Hard Road To Oscar: 'Selma's Ava DuVernay On Why It Took 50 Years To Make A Major MLK Movie

By Mike Fleming Jr
Co-Editor-in-Chief, Film
January 4, 2015

How could Ava DuVernay, a former Hollywood publicist and Sundance-winning director of a movie that cost just $200,000, be the one to break the long trail of futility in mounting a major movie that conveyed how much of a galvanizing presence Dr. Martin Luther King Jr was in the battle for civil rights in America? Coming aboard Selma after the previous star package cratered under Lee Daniels, DuVernay found herself with David Oyelowo’s determinaion to play MLK, a Paul Webb script and little else. The director (who made uncredited contributions to the script) managed to navigate around formidable obstacles, not the least of which were copyrights on MLK signature speeches held by his estate. After platforming the film for Oscars, Paramount opens it wide this Friday. This interview was done before several confidantes of President Lyndon Johnson complained he has dishonestly been depicted as, at most generous, a benign force in the move to mount the historic voting rights march from Selma to Montgomery, Alabama.
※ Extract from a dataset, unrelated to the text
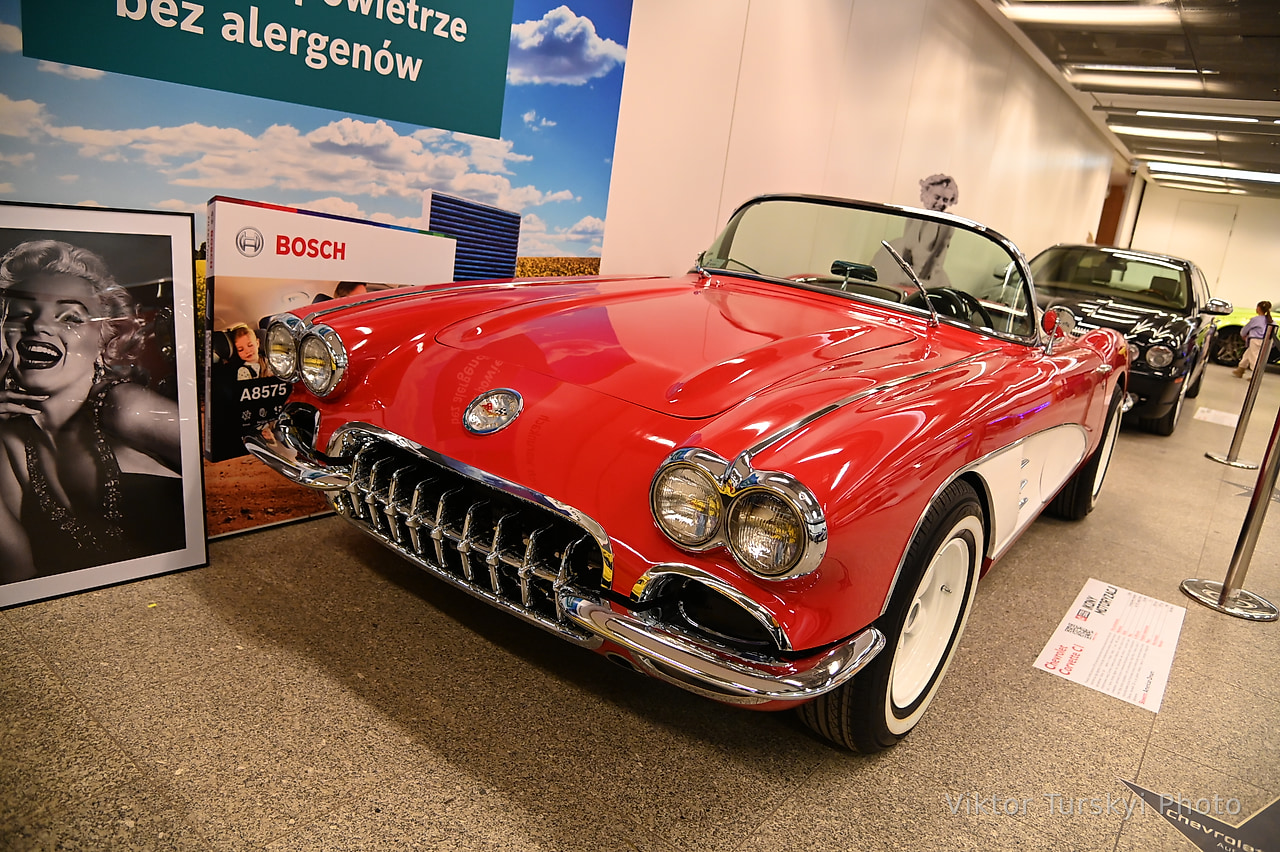 Warsaw Cars Exhibition — photo 21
Paramount would not comment further, beyond Tweets DuVernay herself wrote, including this one: “Notion that Selma was LBJ’s idea is jaw dropping and offensive to and black citizens who made it so.” All the Oscar-bait biopics are getting dinged up on accuracy issues right now, and it remains to be seen how much of an obstacle this will prove. Here’s how she overcame all the other obstacles.


DEADLINE: Movies about iconic civil rights activists from Gandhi and Malcolm X came and went long ago. Why did it take so long for Dr. King to get his own film?

DUVERNAY: Part of me says this is when the film wanted to be made because of this cultural moment that we’re in. It means so much I think and really sparks conversation at a time when that is needed. Beyond that, I think most people were having challenges wrapping their mind around how to deal with the estate. That had a lot to do with it. But five decades’ worth of no one figuring that out is a little ridiculous. If anyone really wanted to do it, it would have been done. But for whatever reason it’s happening now and I’m glad it is.


DEADLINE: The one I thought would get there first was Paul Greengrass’s Memphis script, about MLK’s last days and how Hoover’s FBI men who haunted his every step had to track down his murderer before he left the country. Even though Universal kicked it to the curb after Andrew Young complained about the depiction of infidelity, it is a great script.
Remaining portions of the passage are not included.